Discouraged, Lorenzo began to turn away, but the glint of swift-moving steel caught his eye and compelled him to look back.

The blade belonged to Bernardo Baroncelli. With a viciousness Lorenzo would never have dreamed him capable of, Baroncelli ran his long knife deep into the pit of Francesco Nori’s stomach. Nori’s eyes bulged as he stared down at the intrusion; his lips formed a small, perfect O as he fell backward, sliding off Baroncelli’s sword.

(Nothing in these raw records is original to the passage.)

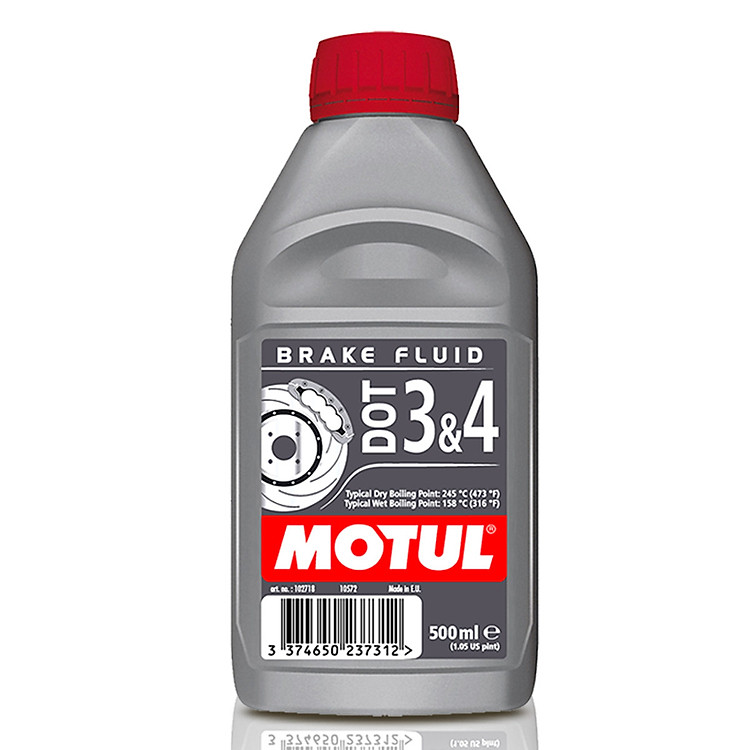DẦU THẮNG MOTUL DOT 3 & 4
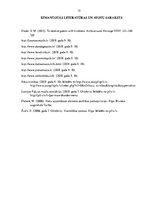 Referāts 'Muižu un piļu piemērošana viesmīlības vajadzībām', 13.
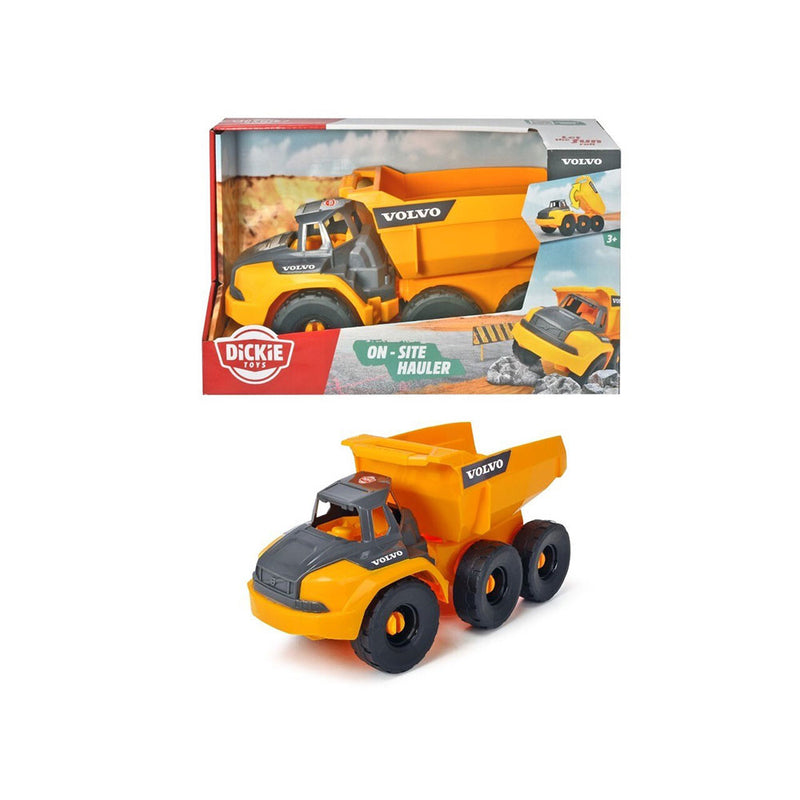 Dickie Toys Volvo paikan päällä kuorma-autot 26cm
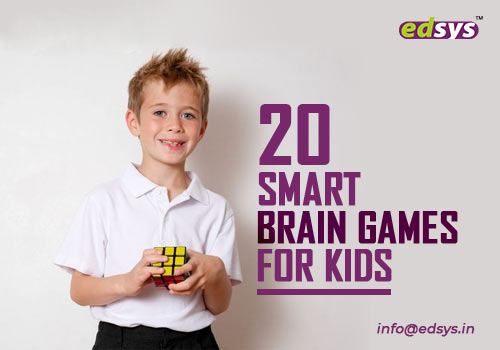 10 Engaging Offline Brain Games for Children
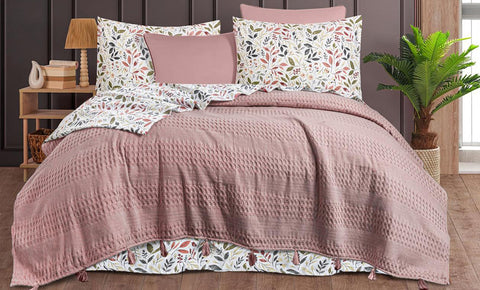 كوفرته ميراج دبل 4 قطع - kabbanifurniture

Lorenzo let go a sob. Poliziano and della Stuffa took his shoulders and pushed him away, across the altar and toward the tall doors of the sacristy. “Get Francesco!” he begged them. “Someone bring Francesco. He is still alive; I know it!”

He tried again to turn, to call out for his brother, but this time his people would not let him slow their relentless march to the sacristy. Lorenzo felt a physical pain in his chest, a pressure so brutal he thought his heart would burst.

He had wounded Giuliano. He had hurt him in his most vulnerable moment, and when Giuliano had said, I love you, Lorenzo… Please don’t make me choose , Lorenzo had been cruel. Had turned him away, without help-the one thing he owed Giuliano most of all.

How could he explain to the others that he could never leave his younger brother behind? How could he explain the responsibility he felt for Giuliano, who had lost his father so young and had always looked to Lorenzo for guidance? How could he explain the promise he had made to his father on the latter’s deathbed? They were all too concerned with the safety of Lorenzo il Magnifico , whom they considered to be the greatest man in Florence, but they were wrong, all of them.

Lorenzo was pushed behind the thick, heavy doors of the sacristy. They slammed shut after someone ventured out to fetch the wounded Nori.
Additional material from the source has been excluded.